- Your goal
From the data below, repeat exactly the lines from the line with "Copenhagen Premium 5-sits" to the line with "- D.Donohue Bouwpakket", both included.

Provided material section start

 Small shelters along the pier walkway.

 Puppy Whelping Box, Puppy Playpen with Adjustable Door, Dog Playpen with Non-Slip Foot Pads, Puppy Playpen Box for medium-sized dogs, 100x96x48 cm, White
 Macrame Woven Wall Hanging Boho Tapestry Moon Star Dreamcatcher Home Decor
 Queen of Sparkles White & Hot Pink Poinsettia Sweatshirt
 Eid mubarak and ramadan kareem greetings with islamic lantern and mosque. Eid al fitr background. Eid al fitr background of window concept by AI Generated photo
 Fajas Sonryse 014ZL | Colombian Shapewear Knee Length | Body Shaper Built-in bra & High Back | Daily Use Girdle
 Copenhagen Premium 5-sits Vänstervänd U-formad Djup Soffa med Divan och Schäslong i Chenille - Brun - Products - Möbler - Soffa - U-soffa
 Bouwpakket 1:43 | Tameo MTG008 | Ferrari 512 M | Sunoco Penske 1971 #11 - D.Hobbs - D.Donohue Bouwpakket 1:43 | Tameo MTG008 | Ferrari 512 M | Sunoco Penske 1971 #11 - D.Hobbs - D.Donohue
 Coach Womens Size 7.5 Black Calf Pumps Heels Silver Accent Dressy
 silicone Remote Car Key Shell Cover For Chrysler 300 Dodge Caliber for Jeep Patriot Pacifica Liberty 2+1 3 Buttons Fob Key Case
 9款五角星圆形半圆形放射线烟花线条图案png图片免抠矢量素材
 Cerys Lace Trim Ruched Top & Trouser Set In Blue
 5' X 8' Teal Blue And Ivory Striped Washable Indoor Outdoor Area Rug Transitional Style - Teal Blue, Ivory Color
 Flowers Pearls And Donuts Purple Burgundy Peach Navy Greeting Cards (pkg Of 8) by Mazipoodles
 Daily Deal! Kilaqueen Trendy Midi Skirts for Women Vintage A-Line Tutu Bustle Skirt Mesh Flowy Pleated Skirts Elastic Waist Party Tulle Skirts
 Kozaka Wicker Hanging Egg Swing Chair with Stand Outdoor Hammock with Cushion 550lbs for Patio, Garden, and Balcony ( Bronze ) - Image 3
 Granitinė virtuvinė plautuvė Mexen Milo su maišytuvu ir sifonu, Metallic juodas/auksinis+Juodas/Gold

Provided material section end

- Completed task
 Copenhagen Premium 5-sits Vänstervänd U-formad Djup Soffa med Divan och Schäslong i Chenille - Brun - Products - Möbler - Soffa - U-soffa
 Bouwpakket 1:43 | Tameo MTG008 | Ferrari 512 M | Sunoco Penske 1971 #11 - D.Hobbs - D.Donohue Bouwpakket 1:43 | Tameo MTG008 | Ferrari 512 M | Sunoco Penske 1971 #11 - D.Hobbs - D.Donohue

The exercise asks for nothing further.